Tuesday, June 19, 2012

Universal orientation, gravity and motion acceleration sensor

We have seen a number of fusion possibilities for 2 sensors.


Time has come to put all of these together and to take a step toward the Holy Grail of sensor processing. We want a sensor that measures gravity, motion acceleration and orientation reliably, no matter what the circumstances are. If we achieve this, then we have a good basis for the much researched in-door navigation problem because the linear acceleration may be used for step counting while the orientation can be used to calculate the vector of movement. Errors will accumulate but if we have occasional reference points like WiFi beacons, reasonably good results can be achieved.

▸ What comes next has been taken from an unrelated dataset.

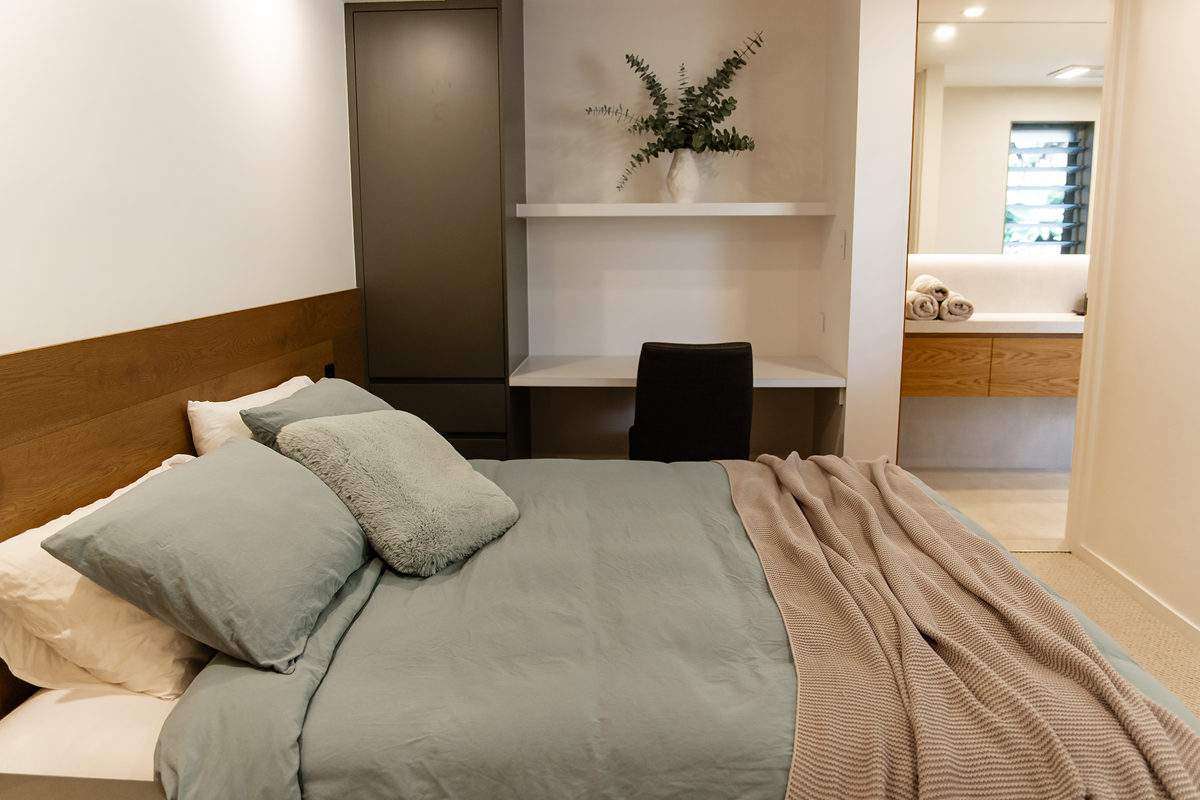 Second master bedroom with soft linen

So what prevents us realizing this vision? We already obtained a pretty reliable motion acceleration estimation from the accelerometer-gyroscope fusion. The orientation is the thing we don't have. Using the compass-accelerometer fusion we can eliminate the tilt problem. If we throw in the gravity calculation from the accelerometer-gyroscope fusion and use the gravity estimation instead of the raw accelerometer data for the compass tilt compensation then we have also compensated the motion acceleration. The only thing we don't have is the effect of external magnetic fields which may fool the compass and can be pretty nasty in-door in the presence of household appliances, large transformators or other electric machinery. That we will compensate with a compass-gyroscope fusion.


The idea of the compensation of the external magnetic field using the gyroscope is very similar to the compensation of the motion acceleration. If we assume that no external magnetic field is present (beside the Earth's magnetic field), we just use the compass data (and then post-compensate against tilt by the gravity vector which needs accelerometer-gyroscope fusion). If we suspect that there may be external magnetic field present, we use the gyroscope rotation data to rotate a previous, trusted compass vector (that is supposed to measure only the Earth's magnetic field) and use that as compass estimation. The difference between this compass estimation and the measured compass value is the estimation for the external magnetic field.

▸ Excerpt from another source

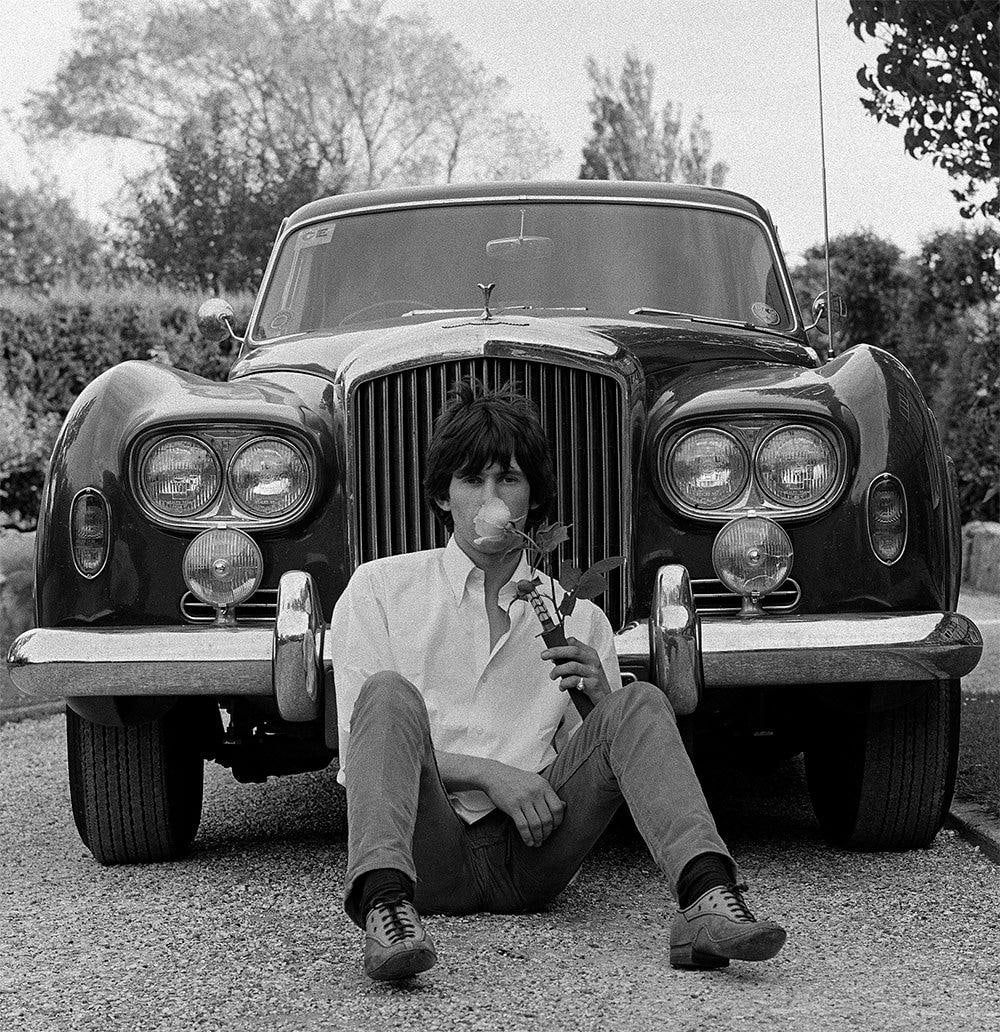Keith Richards sitting in front of Bentley, 1966 — Signed Limited Edition Print: 1966 (printed - 2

The trick is the detection whether an external magnetic field may be present. In this prototype the same trick was used as with the accelerometer: if the length of the compass vector is too long or too short compared to the reference measurement, then we have an external magnetic field to compensate.

Here is the summary of the sensor fusions used in this prototype:


  • Accelerometer-gyroscope fusion provides gravity and motion acceleration.
  • Compass-gravity fusion provides compass tilt compensation. The gravity is already a derived measurement coming from the accelerometer-gyroscope fusion.
  • Compass-gyroscope fusion provides orientation and external magnetic field.
Click here to download the example program.

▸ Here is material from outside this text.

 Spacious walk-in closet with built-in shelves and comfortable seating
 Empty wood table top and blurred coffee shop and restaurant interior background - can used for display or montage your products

The example program starts with a complex stationary and dynamic calibration process. When stationary, it measures the reference gravity and magnetic field values. In this stage it is very important that the device is not subject to motion acceleration or external magnetic field (beside the Earth's magnetic field). In the dynamic calibration phase we calculate the bias of the compass. We do this by instructing the user to rotate the device and measuring compass vectors in each special position. These are supposed to be points on a sphere. Once we collected the measurement points, we calculate the center of the sphere by solving a set of linear equations. The Jama package was incorporated into the example program for matrix manipulations.

Once the calibration is finished, the algorithm outlined above is executed. The measurement data is visualized in a 2D coordinate system - the z coordinate is not drawn. This is just my laziness, I did not take the effort to implement a 3D visualization engine. It is important to note, however, that the motion acceleration (yellow) and the external magnetic field (cyan) vectors are really 3D, they are just not drawn as such. The white vector is the final orientation compensated against tilt, motion acceleration and external magnetic field.




The prototype does have limitations. While it survives pretty nicely short-term disturbances from external magnetic fields (try with a small magnet), in longer term (e.g. after 5-10 minutes) it gets properly lost. For example when riding the Budapest underground there are strong and varying magnetic fields generated by the train's traction motors during the entire journey. If the compensation algorithm picks up a wrong reference vector, it may get lost for the rest of the journey until it is able to pick up the Earth's undisturbed magnetic field.